A 8 de Setembro de 2006, uma série de bombas deflagrou numa área perto de uma mesquita e de um cemitério em Malegaon (Maharashtra), cidade predominantemente muçulmana, quando milhares de fiéis se reuniam para celebrar o Shab-e-barat, rito durante o qual os muçulmanos rezam pelos seus mortos. A carnificina fez trinta e oito mortos e mais de cem feridos.

Em Maio de 2007, uma bomba explodiu numa concorrida oração de sexta-feira numa mesquita em Charminararea (Hyderabad), matando doze pessoas e ferindo outras quarenta.

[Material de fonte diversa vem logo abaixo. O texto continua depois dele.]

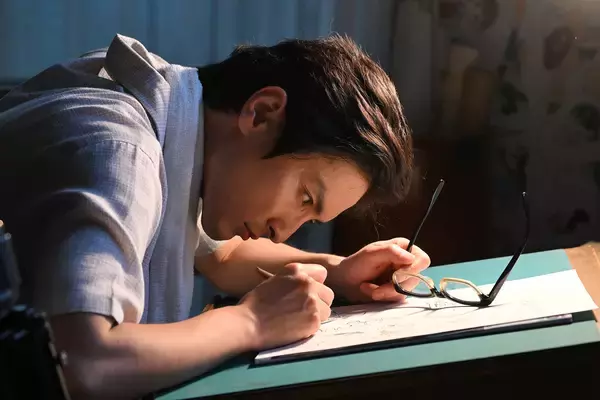 「高良健吾×原田琥之佑『手塚治虫の戦争』メインビジュアル公開。音楽は原摩利彦」の画像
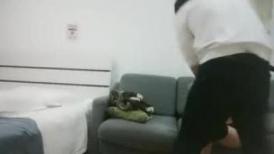 小夏寻花深夜约战嫩妹 坚挺一手抓奶子  跪着深喉口交  扶着小腰爆操
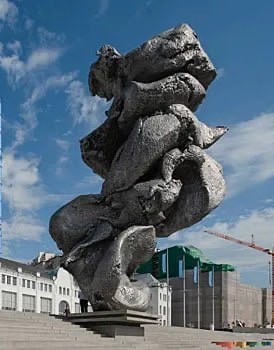 Цыганова : « Большую Глину» привезти и поставить табличку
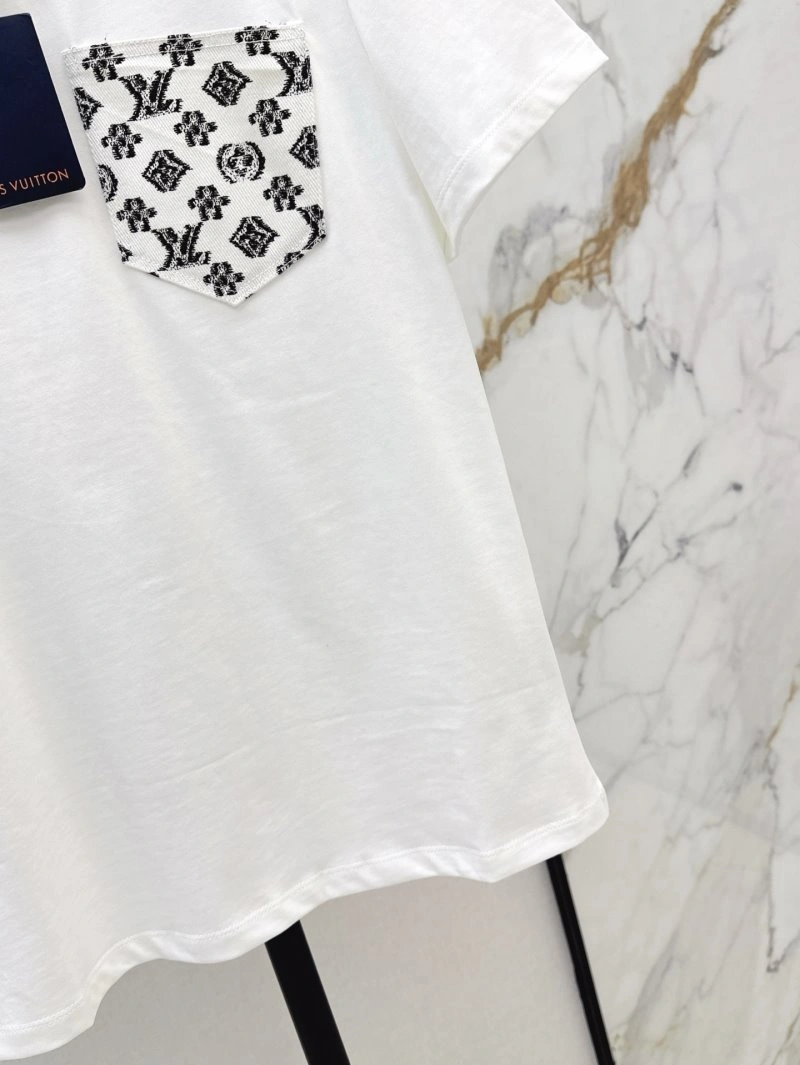 AllSeason Louis Vuitton T-Shirts 130546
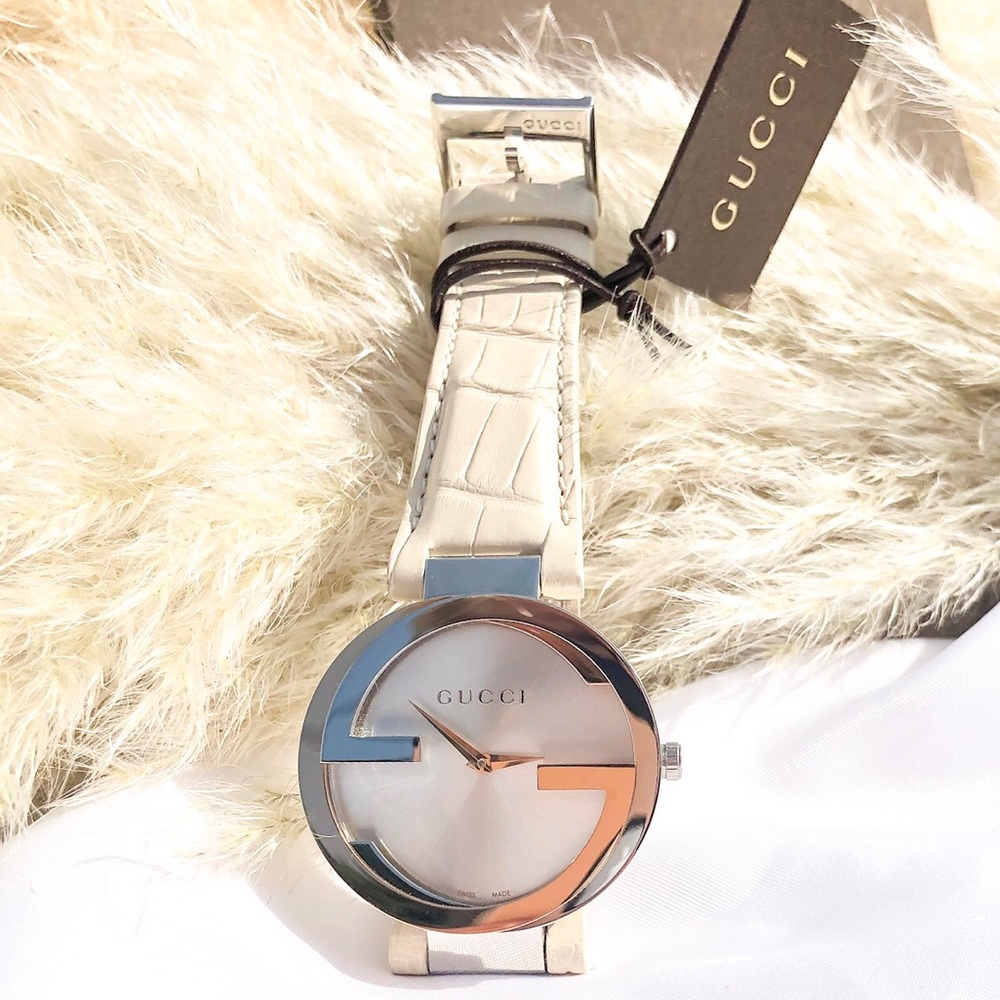 🆕 GUCCI 18kt gold Interlocking G-shape unisex watch 630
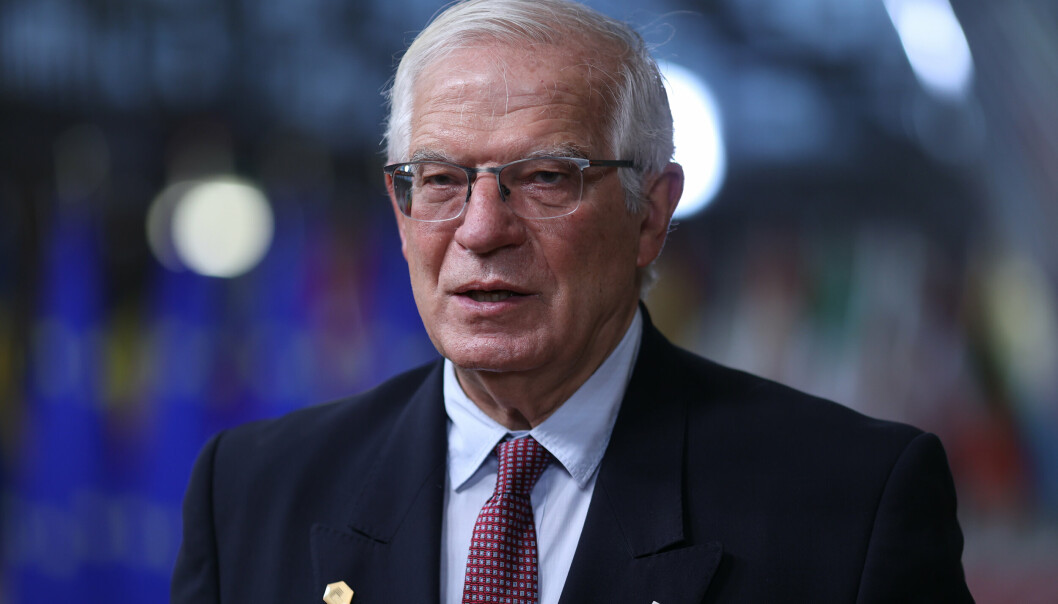 TOPPMØTE: EUs utenrikspolitiske sjef Josep Borrell snakker med media når han ankommer et EU-toppmøte i Det europeiske råds bygning i Brussel, torsdag 16. desember 2021. EU-ledere møtes til et en-dagers toppmøte torsdag som vil fokusere på Russlands militær trussel mot nabolandet Ukraina og om måter å håndtere den pågående COVID-19-krisen.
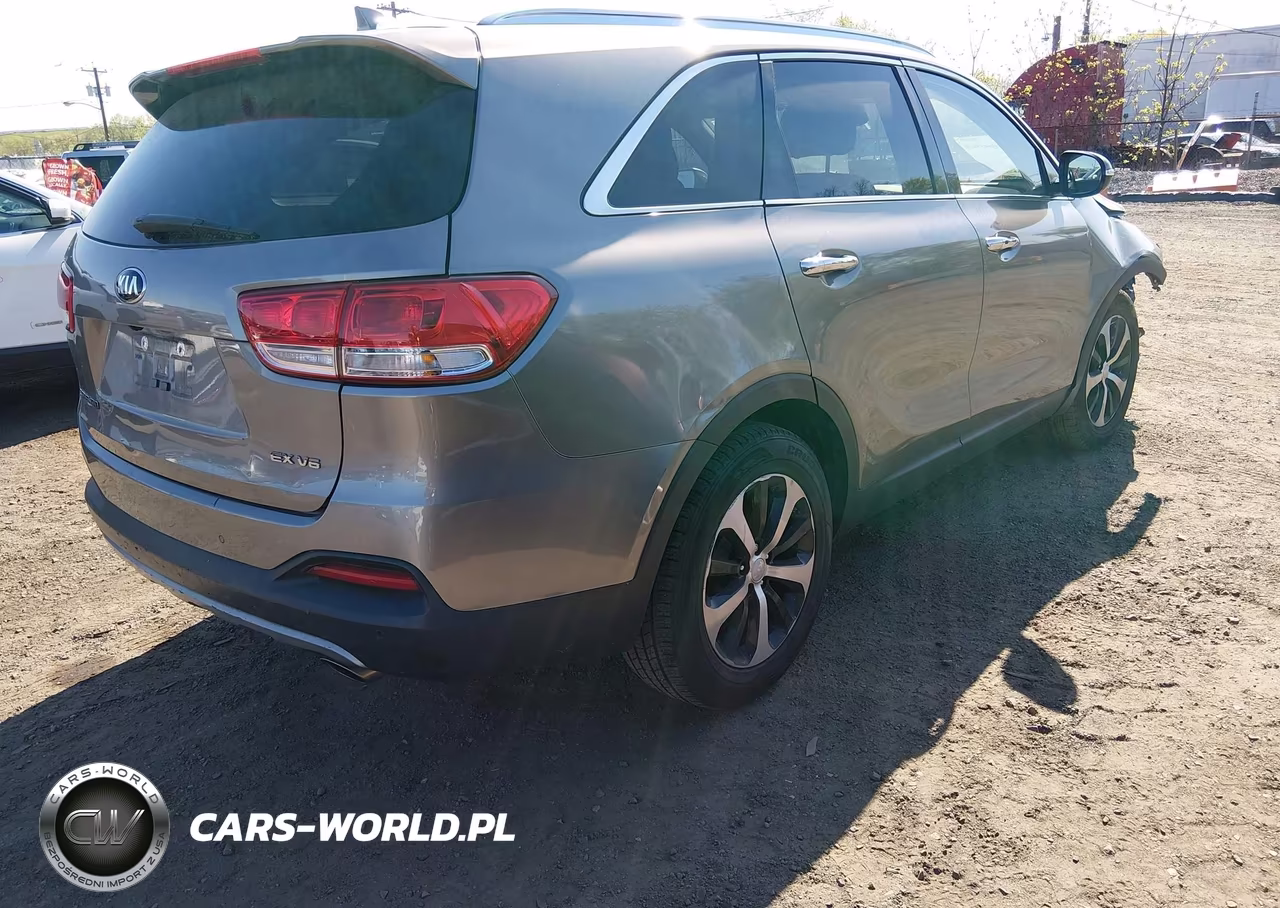 2018 Kia Sorento 3.3L Ex VIN:5XYPH4A53JG406357 - 4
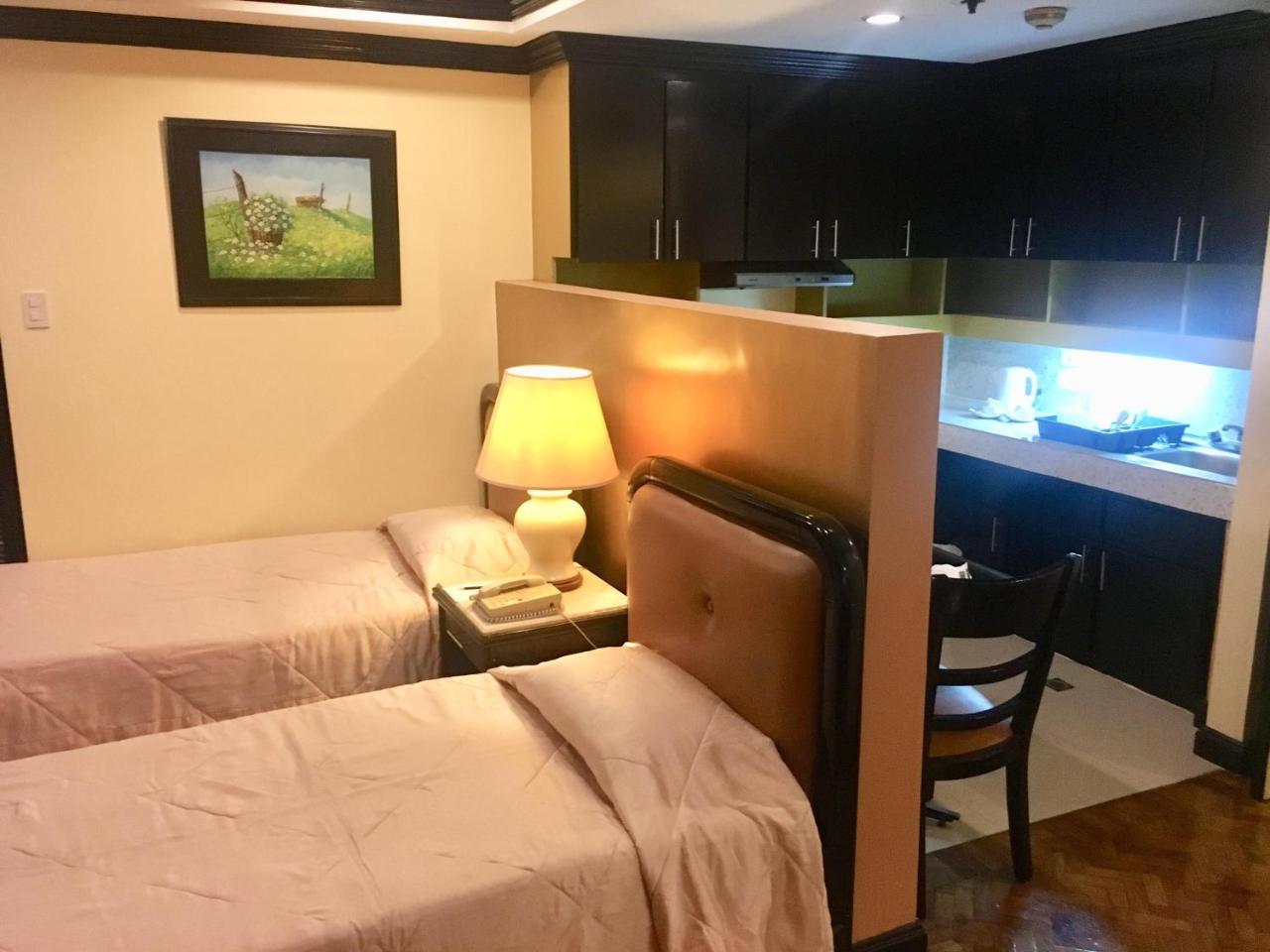 Lourdes Suites Makati City Bagian luar foto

Na Caxemira sob administração Indiana, grupos rebeldes muçulmanos permanecem activos, e sempre dispostos a ter como alvo a população civil. Em Abril de 2006, pelo menos trinta e cinco hindus, todos civis, foram mortos em dois ataques. O primeiro deixou treze pessoas mortas no distrito de Udhampur; o segundo vitimou vinte e duas no distrito montanhoso de Doda.
Estes foram os mais violentos ataques desde 2003, altura em que a Índia e o Paquistão acordaram num cessar-fogo na região. Peritos em segurança acreditam que o Lashkar-e-Toiba (LeT ou Exército dos Puros), um grupo islamista pro-Paquistão, se encontra por detrás dos ataques anti-hindus (os quais são uma minoria em Caxemira). Nos últimos dez anos, os activistas do LeT são acusados de levar a cabo pelo menos dezassete massacres, os quais resultaram na morte de 270 hindus.
Entretanto, a investigação ao massacre ferroviário de Godhra prossegue. Em 2002, o Sabarmati, um comboio expresso foi detido e incendiado, matando cinquenta e nove pessoas. Isto despoletou uma onda de violência durante a qual, segundo números oficiais, 790 muçulmanos e 294 hindus foram mortos, tendo outras 2.500 pessoas ficado feridas. Fontes não oficiais afirmam que o número de muçulmanos mortos é de vários milhares.

Em Outubro de 2007, quinze hindus foram condenados a prisão perpétua por queimarem vivos onze muçulmanos (entre os quais duas mulheres e uma criança) durante confrontos sectários em 1992-1993. Na altura, extremistas hindus provocaram incidentes muito graves que resultaram em milhares de mortos, a maioria dos quais muçulmanos. Os instigadores de tal violência não foram ainda presentes à justiça. A comissão de inquérito criada para investigar os confrontos foi encabeçada pelo Juiz B.N. Srikrishna, então membro do Supremo Tribunal de Mumbai. Concluiu que o Shiv Sena (grupo armado hindu) e o seu líder, Bal Thackery, foram os responsáveis pelas acções anti-muçulmanas. Concluiu ainda que a administração local, liderada pelo BJP, havia conspirado com os culpados, e que a polícia assistira impávida enquanto o massacre tinha lugar. Apesar de tudo, as conclusões da comissão foram muito simplesmente ignoradas pela investigação oficial.